Coloquio

Edición Nº28 - Agosto 1997

Ed. Nº28: Hagamos nuestra historia

Por Moisés Garzon Serfaty

Creo yo que la historia no se piensa. Se hace. Y tenemos que darnos prisa en hacerla. Tenemos que hacer nuestra historia paso a paso, a partir de hoy y «hoy» debe entenderse por «cada día». No importa cómo fue ayer esa historia o cómo se comportó con nosotros, los judíos.

La historia, es cierto, tiene un comportamiento versátil que a veces nos gusta y otras nos disgusta. También tiene la virtud, dicen algunos, de repetirse. Esto no es cierto. Los que se repiten son los errores, las causas que llevan a producir los mismos efectos. Y es que no aprendemos de los tropiezos del pasado, sean propios o ajenos.

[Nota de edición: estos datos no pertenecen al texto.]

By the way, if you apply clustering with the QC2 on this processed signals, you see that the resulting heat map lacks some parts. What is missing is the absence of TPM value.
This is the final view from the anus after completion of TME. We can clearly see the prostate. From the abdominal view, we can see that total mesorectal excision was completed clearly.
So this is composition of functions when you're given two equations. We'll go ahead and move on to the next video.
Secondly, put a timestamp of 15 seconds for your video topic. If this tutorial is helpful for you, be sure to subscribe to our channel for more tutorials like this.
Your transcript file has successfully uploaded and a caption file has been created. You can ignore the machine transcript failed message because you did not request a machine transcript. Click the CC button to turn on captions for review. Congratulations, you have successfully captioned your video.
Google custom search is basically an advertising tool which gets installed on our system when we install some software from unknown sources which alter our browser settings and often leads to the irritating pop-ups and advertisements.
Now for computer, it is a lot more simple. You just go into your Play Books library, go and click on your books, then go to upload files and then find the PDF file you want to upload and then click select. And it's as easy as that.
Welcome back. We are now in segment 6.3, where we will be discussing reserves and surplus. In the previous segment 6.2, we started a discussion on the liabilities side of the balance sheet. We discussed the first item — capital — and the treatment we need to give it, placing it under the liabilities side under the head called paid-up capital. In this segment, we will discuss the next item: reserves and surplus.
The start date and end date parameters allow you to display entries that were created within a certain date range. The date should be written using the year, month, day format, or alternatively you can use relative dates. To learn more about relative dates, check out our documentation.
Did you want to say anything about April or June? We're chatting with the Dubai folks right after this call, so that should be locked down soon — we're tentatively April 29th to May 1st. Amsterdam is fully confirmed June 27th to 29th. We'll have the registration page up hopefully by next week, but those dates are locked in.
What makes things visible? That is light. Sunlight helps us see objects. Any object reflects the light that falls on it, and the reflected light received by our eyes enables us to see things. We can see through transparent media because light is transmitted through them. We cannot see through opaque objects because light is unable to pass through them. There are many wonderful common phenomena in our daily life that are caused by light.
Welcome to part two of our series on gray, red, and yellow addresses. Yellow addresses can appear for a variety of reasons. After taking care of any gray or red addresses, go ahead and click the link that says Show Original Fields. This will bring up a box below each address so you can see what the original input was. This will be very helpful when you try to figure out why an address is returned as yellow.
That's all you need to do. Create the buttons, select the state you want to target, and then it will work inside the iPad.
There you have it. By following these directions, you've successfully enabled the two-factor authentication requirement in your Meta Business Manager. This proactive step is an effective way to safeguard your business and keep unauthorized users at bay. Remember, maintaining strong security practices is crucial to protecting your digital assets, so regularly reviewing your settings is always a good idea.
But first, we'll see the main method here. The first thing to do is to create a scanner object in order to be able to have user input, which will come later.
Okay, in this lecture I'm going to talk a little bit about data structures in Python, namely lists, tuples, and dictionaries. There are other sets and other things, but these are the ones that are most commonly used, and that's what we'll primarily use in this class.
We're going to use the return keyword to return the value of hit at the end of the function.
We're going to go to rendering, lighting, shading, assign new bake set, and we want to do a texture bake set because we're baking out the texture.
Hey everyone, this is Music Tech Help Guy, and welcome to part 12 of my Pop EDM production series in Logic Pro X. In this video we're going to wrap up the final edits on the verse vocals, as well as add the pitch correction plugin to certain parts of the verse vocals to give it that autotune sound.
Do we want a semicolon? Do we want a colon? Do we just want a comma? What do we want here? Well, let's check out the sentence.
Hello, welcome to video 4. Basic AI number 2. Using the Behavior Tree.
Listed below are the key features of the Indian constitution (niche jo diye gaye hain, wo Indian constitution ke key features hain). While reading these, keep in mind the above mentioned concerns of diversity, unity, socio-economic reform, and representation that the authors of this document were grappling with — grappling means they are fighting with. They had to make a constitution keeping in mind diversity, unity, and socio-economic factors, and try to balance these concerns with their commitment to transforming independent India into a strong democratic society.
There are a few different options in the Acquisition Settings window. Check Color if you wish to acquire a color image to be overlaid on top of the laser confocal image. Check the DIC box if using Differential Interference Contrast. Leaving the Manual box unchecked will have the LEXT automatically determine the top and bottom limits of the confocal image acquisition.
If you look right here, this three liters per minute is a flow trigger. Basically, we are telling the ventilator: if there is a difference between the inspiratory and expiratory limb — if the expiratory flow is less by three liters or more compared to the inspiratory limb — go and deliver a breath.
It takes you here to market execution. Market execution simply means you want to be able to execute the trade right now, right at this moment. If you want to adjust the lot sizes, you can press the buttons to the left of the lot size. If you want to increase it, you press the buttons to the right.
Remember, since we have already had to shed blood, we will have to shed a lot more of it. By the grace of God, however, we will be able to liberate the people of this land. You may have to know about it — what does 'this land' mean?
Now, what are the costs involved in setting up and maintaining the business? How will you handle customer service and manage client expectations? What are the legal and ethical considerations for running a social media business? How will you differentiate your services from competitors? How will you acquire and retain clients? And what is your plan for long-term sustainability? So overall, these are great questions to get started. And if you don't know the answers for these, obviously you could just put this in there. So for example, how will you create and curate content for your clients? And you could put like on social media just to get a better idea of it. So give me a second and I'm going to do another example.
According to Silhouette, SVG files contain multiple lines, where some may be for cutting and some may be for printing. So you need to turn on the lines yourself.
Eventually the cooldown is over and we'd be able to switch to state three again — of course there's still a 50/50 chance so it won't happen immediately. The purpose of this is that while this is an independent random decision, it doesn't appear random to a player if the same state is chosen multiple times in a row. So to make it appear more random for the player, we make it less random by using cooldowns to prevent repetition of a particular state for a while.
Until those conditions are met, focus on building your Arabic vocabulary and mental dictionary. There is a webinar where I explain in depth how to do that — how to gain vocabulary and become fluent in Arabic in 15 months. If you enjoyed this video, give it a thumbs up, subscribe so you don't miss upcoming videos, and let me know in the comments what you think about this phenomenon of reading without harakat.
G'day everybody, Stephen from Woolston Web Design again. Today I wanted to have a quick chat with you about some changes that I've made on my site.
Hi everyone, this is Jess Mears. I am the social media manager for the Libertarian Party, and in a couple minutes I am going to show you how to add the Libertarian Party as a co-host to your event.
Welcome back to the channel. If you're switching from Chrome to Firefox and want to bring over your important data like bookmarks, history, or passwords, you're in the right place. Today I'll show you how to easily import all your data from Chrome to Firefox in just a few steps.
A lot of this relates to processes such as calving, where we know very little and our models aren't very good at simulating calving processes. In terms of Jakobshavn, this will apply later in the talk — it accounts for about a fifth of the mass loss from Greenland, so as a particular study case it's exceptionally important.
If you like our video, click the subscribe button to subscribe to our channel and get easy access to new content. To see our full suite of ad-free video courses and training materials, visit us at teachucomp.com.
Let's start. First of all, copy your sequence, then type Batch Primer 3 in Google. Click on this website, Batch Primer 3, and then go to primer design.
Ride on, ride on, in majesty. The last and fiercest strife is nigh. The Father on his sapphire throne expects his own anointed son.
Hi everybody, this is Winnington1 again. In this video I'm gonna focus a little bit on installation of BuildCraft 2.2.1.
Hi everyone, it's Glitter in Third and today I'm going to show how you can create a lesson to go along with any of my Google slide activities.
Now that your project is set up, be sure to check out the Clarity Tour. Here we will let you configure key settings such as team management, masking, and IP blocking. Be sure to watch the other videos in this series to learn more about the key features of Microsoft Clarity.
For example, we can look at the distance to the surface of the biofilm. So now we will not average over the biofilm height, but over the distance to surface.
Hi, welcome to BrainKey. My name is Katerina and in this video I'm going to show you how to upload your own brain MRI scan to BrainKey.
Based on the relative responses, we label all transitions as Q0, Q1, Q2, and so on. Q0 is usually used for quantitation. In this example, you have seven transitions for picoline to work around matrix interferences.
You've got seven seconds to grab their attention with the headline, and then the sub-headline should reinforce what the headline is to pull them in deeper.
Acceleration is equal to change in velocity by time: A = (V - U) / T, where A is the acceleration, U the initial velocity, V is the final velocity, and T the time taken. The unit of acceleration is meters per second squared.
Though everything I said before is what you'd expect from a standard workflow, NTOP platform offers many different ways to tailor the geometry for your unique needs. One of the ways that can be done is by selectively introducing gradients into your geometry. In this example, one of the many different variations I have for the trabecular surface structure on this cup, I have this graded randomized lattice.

La historia sabemos que puede ser cruel, pero sus injusticias no siempre quedan impunes. Es cuestión de esperar el tiempo propicio y definitivo para que se emita el juicio. Porque el Día del Juicio vendrá, según lo anunciado en las Escrituras bíblicas. Será después de la última contienda… Muertos y vivos seremos juzgados, rendiremos cuentas al Creador. Él, que es el Principio, nos pedirá cuentas cuando sea el Fin.

Mientras tanto, hay que actuar, porque la historia no la hacen las sociedades fosilizadas, carentes de pensamientos, de iniciativas, de acción. La hacen las sociedades insatisfechas en su esencialidad, inquietas por su futuro, conscientes de sus posibilidades y soñadoras. Primero hay que pensar utopías y luego ver si esas utopías son o no transitables. Soñar y diseñar, proyectar y hacer. Es una tarea intelectual impostergable, definir caminos y pautas: Qué es lo que queremos ser y hacia donde queremos ir, o qué es lo que queremos ser y hacia dónde no queremos ir.

Lo triste es que de nosotros, nada sabemos, salvo que estamos. ¿Dónde? Misterio. ¿Por qué? Total ignorancia. ¿Para qué? Perplejidad absoluta.

Sabemos que estamos, desde abismales memorias que se hacen sombras imposibles de penetrar para nuestro conocimiento. Que la civilización es un humilde trazado sobre la arena a merced de fuerzas incontenibles. Sabemos que físicamente estamos en un planeta llamado Tierra, pero ignoramos dónde moramos espiritualmente. Si supiéramos por qué y para qué estamos, actuaríamos, seguramente, de diferente manera. Si supiéramos que estamos, no por nuestra voluntad, sino por la de otros y si aceptáramos que estamos para cumplir con lo dispuesto por otra Voluntad Superior, seríamos más humildes.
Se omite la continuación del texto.